Tammy Swift / The Forum

Whether you use the Land O'Lakes method or Martinez's method, these tips might help:

  • Sift the powdered sugar before mixing it so you don’t get clumps.
  • If using more than one color, pay attention to how you place them. Red and green actually turn brown when mixed. Ho-ho-horrible.
  • After three or four dunks in the color-swirled icing, the colors will become too muddled to create a clear marbled effect. Dispose of that icing and create a new pool of white with colored-icing accents. 
  • Although the Land O’ Lakes recipe calls for royal icing, I followed the technique using Martinez’s icing recipe — and it worked well.

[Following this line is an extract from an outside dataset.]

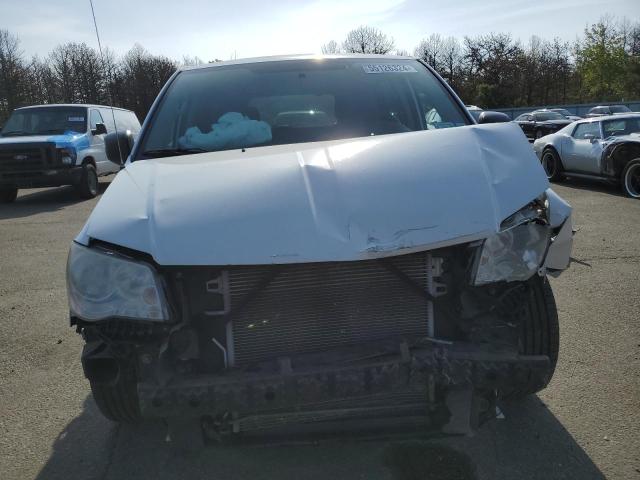 2013 Ram Tradesman VIN: 2C4JRGAG6DR638666 Lot: 55126324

Time-Saving Marbled Cookie Icing Technique

Adapted from and Rick Martinez’s Tie-Dye Cookie Glaze

Favorite cookies, cooled

2 cups powdered sugar, sifted

5-6 tablespoons whole milk

¼ teaspoon kosher salt

½ teaspoon clear vanilla extract (or any favorite flavoring)

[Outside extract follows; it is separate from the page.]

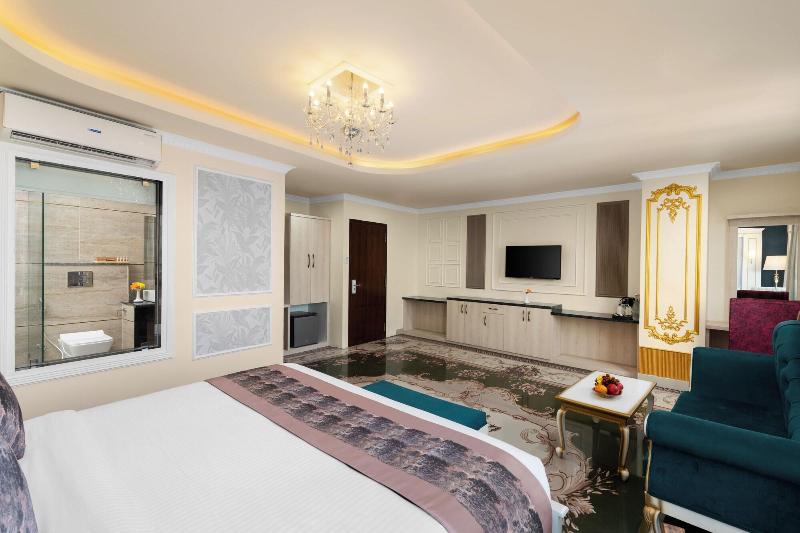 Hotel G Ramayana image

Gel food coloring, in preferred colors

  1. Place baking racks on top of waxed paper or cookie sheets to catch icing drips.
  2. Mix powdered sugar with milk, salt and extract; whisk until smooth. Mixture should be as thick as heavy cream. If it’s too thin, add more powdered sugar, a teaspoon at a time. 
  3. Spoon ½ cup of plain icing into a shallow bowl that is wide enough for dunking cookies. Place 2 to 3 drops of gel food coloring on the surface of the icing and swirl gently with a knife or bamboo skewer to create a design.
  4. Grab a cookie by the sides and gently dip the top of the cookie into the marbled royal icing. Let the excess icing drip into a spare bowl or onto a  square of waxed paper. Quickly turn the cookie upright and place onto a cooling rack. Important note: Letting the icing drip onto waxed paper instead of back into the bowl might seem like a messy and unnecessary step. However, this is key to making perfectly marbled cookies every time.
  5.  You can help the design along by tipping the cookie in different directions or even creating additional patterns with a toothpick dipped in icing and food coloring. If the effect isn’t something you like, you can wipe off the wet icing with a paper towel and start over. Place finished cookie on baking rack to dry.
  6. After several dunks, the icing will lose the desired marbled effect. To ensure your cookies are a success, discard the used icing and make a new bowl with a ½ cup of white icing and 2 to 3 drops of food color.
  7. Display dry cookies on a fancy plate and wait for your guests to "marble" over your handiwork!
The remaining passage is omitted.